- Opening Delimiter -
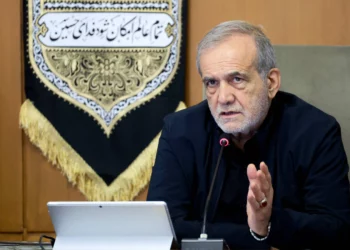 Pezeshkian advierte: la economía iraní se derrumbará en un mes si no hay alto el fuego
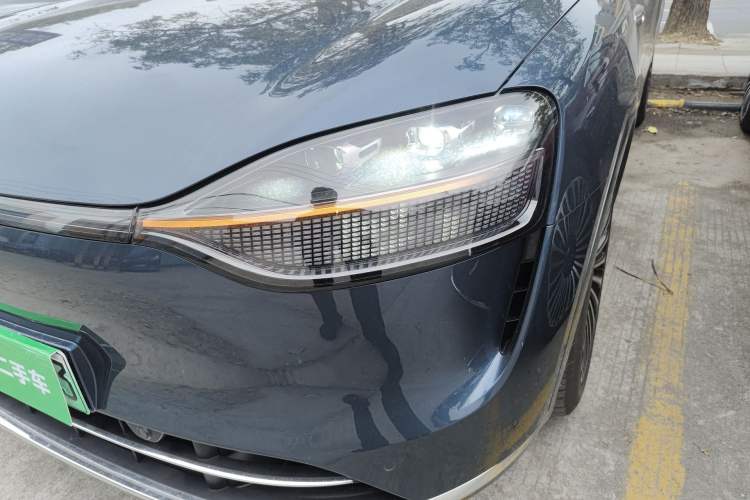 Used Hima AITO M9 2024 Range-Extended Ultra Version 42 kWh 6-Seater Model Left Front Headlight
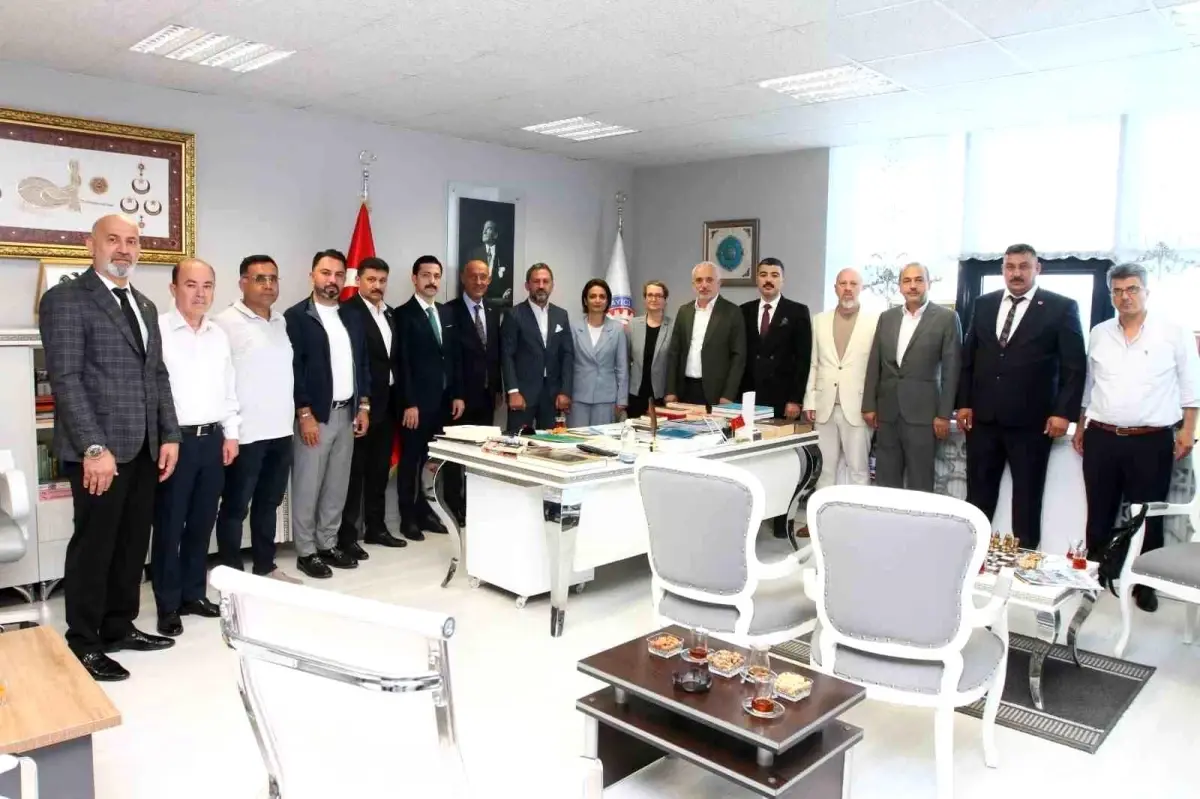 'Terörsüz Türkiye için kardeşliğimizin fitnesini bertaraf etmek zorundayız'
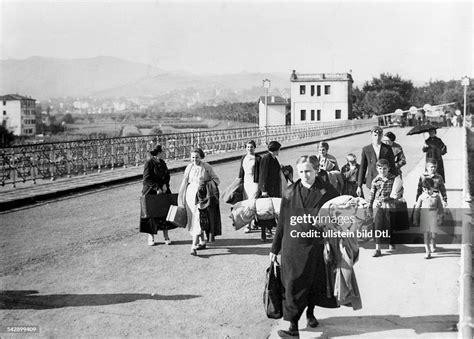 Spanish Civil War Spanish Refugees Crossing The Border Bridge At Irun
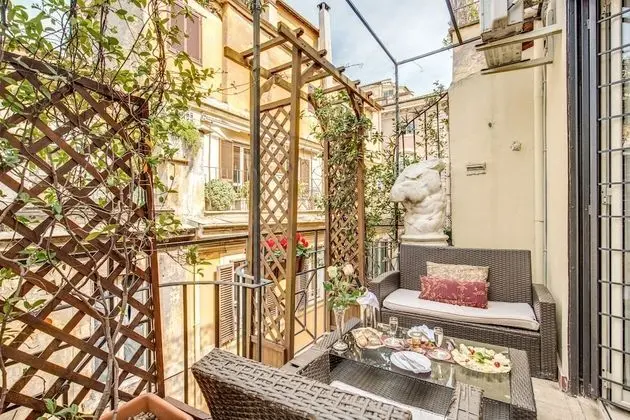 Classic Büyük Yataklı Tek Kişilik Oda, 1 En Büyük (King) Boy Yatak, Balkon (Single Use)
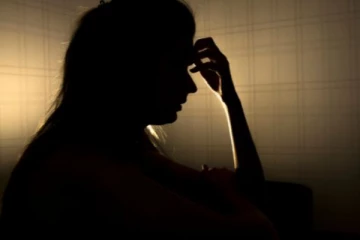 நிறைமாத கர்ப்பிணி நடிகையை ஏமாற்றி கள்ளக்காதலியுடன் ஜல்சா!! நடிகரால் மனைவிக்கு நேர்ந்த கதி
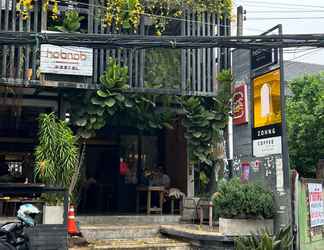 ภายนอกอาคาร 2 Hobnob Hostel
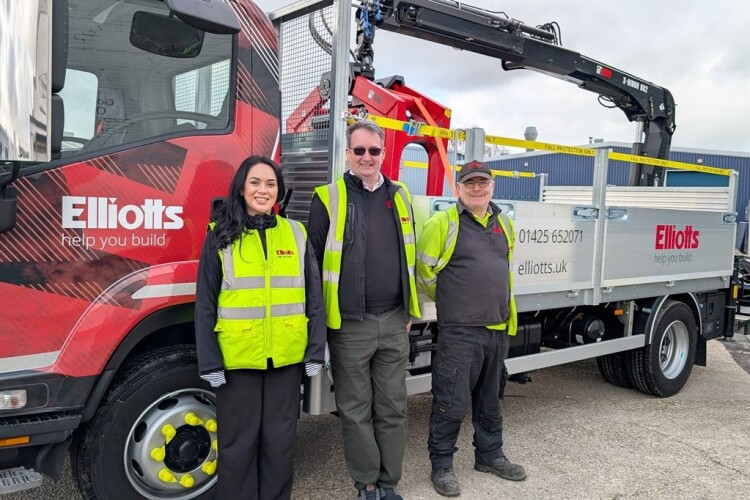 Elliotts' new crane lorry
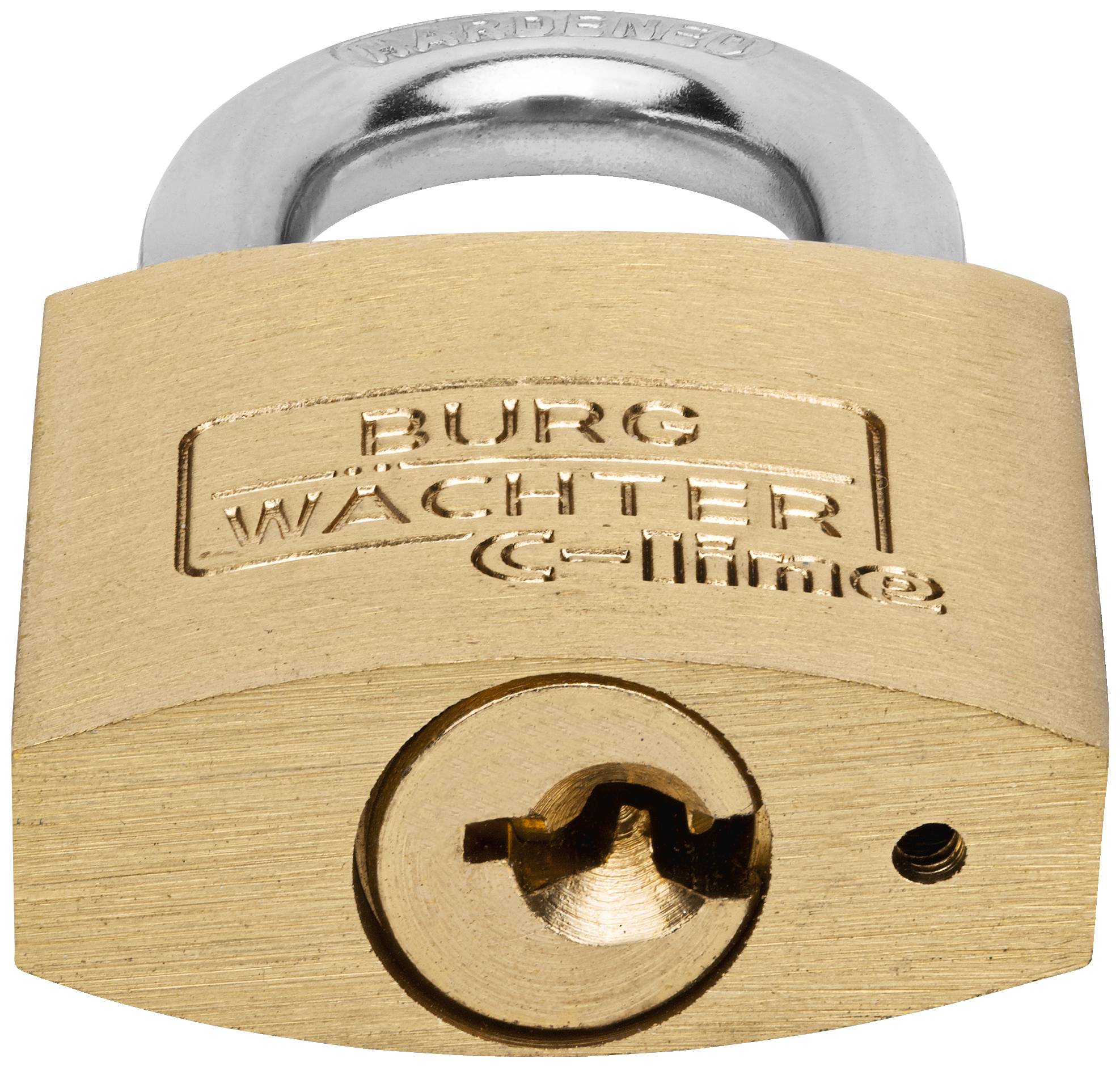 Vorhängeschloss aus Messing mit eingraviertem Markennamen. Es befindet sich in geschlossenem Zustand und zeigt die Vorderseite mit Schlüsselloch.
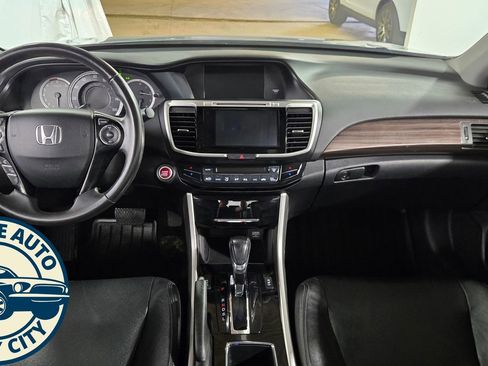 Used 2017 Honda Accord EX-L image 30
- Closing Delimiter -
For every entry, return its exact wording and leave out any image.

→ Response:
 Pezeshkian advierte: la economía iraní se derrumbará en un mes si no hay alto el fuego
 Used Hima AITO M9 2024 Range-Extended Ultra Version 42 kWh 6-Seater Model Left Front Headlight
 'Terörsüz Türkiye için kardeşliğimizin fitnesini bertaraf etmek zorundayız'
 Spanish Civil War Spanish Refugees Crossing The Border Bridge At Irun
 Classic Büyük Yataklı Tek Kişilik Oda, 1 En Büyük (King) Boy Yatak, Balkon (Single Use)
 நிறைமாத கர்ப்பிணி நடிகையை ஏமாற்றி கள்ளக்காதலியுடன் ஜல்சா!! நடிகரால் மனைவிக்கு நேர்ந்த கதி
 ภายนอกอาคาร 2 Hobnob Hostel
 Elliotts' new crane lorry
 Vorhängeschloss aus Messing mit eingraviertem Markennamen. Es befindet sich in geschlossenem Zustand und zeigt die Vorderseite mit Schlüsselloch.
 Used 2017 Honda Accord EX-L image 30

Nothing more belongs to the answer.